The Movement’s facade sure is lovely. We had peered into the window of this studio dozens of times while speed walking through Flatiron. Dazzled by the bright, welcoming entry, the fancy coconut water and the abundant swag available for purchase, we slowed our pace and thought, “Hey, we better get on this new spot that seems to be getting it all right.” Our first experience inside The Movement was enough to shatter that mirage. Past the front desk veneer, things got bleaker; we heard shouts emanating from various rooms as we walked the hall back to the lockers.Then it was time for our class to start, and sh*t got dark.

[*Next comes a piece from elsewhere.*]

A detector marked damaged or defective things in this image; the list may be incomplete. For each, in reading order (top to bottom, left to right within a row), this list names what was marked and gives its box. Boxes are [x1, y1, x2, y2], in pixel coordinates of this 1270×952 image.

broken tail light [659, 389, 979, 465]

The Movement has a number of signature classes, from dance, to yoga to HIIT (high intensity interval training, for you acronym h8ers out there). We could either commend them for trying to do it all, or say they’re kind of all over the place. Our experience confirmed the latter. We bit on the “ReXist360 HIIT” class, described as a high intensity resistance training class, using these special patented resistance training bands, which we assumed must be life-changing, because why else patent them, and flaunt said patenting. Despite the 5-minute tutorial from our instructor at the beginning of class, it turns out it was a major b*tch to get these genius bands (with their 12 straps and 20 pieces of velcro) onto our bodies; so much so that we are now convinced that our bachelor’s degrees are worthless, and it’s clear that we are yet another failure of the United States education system. Getting these bands to stay on throughout class was equally arduous. Bottom line, we’re not sold what makes these so great versus regular resistance loops, and we’re sorry they probably spent time and good money patenting them.

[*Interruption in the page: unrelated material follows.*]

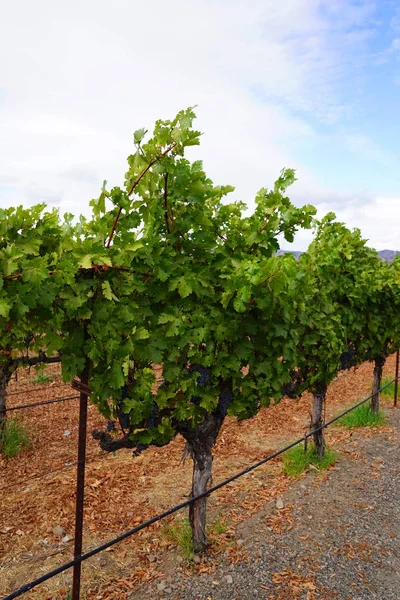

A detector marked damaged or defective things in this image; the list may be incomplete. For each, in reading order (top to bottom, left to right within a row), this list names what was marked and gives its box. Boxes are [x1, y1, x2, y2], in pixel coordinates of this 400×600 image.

rusty metal post [72, 360, 90, 600]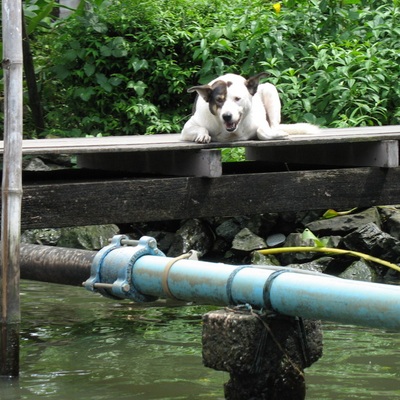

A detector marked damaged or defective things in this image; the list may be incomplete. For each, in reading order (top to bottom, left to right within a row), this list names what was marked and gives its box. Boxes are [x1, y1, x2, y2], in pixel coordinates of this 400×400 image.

rusty pipe section [18, 242, 96, 286]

Once workout #1 of getting the bands on was complete, workout #2 commenced. Our instructor, who we initially mistook for being soft-spoken (wrong, so wrong), barked us through various “pushes” and “sprints,” uttering primal screams of encouragement throughout the 45 minute class. We repeated combinations of lunges, skaters, squats,
burpees, squat jumps, high knees, mountain climbers on gliding discs (more equipment, yay!), hollowman holds and bicycle crunches – all familiar high intensity training moves, which we’re guessing the special band was supposed to elevate (it didn’t). Yes, that’s a lot of sh*t. Yes, we passed through most exercises too quickly to feel the effects. No, we could not tell the difference between pushes and sprints. No, it did not flow in a seamless or logical fashion. Oh, there was also a barre-like “toning” section for glutes and abs in the last 5 minutes of class, which came out of nowhere, and felt even more random than the rest of the disjointed workout.

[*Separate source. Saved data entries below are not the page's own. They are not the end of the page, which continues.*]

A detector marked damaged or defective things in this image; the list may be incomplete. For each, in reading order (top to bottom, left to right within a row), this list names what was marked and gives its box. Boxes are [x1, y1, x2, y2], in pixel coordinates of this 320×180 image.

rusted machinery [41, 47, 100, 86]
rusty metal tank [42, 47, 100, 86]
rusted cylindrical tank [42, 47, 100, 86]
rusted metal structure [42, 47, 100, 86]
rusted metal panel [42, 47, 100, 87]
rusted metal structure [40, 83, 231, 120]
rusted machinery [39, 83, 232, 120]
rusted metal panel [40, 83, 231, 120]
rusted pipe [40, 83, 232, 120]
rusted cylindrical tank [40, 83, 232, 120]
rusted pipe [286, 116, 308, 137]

If we sound borderline schizophrenic writing this, it’s because we’re trying to reflect the true nature of this experience. This workout was out of this world; but not in the way we wanted it to be. The Movement, transported us out of Flatiron and the 21st century to a dystopian future where boutique fitness studios neglect the art of a well-planned (and executed) class, and rely on unnecessarily complicated accessories that kill a workout, rather than make it killer.
Gonna Cost You
$26/class ($1 of which is donated to the National Brain Tumor Society), and they have lots of packages (and promos) that drive down that per class price. Water and such are for sale, too. Also worth noting, classes at The Movement are readily available on ClassPass, so we’d recommend that route if you feel compelled to try it.
On top of an underwhelming playlist, half-baked explanations and demonstrations, our instructor didn’t have much personality. To be honest, she might have intended her screeching (well, we really go back and forth between barking and screeching) to be energizing and encouraging, but that got lost in translation to the human language. We could see a rockstar instructor improving The Movement experience, at least marginally, but we’re not up for scoping out the entire roster.
There are lockers, a bathroom and a changing room, but expect pretty tight quarters and being closer to more sweaty bodies than probably desired.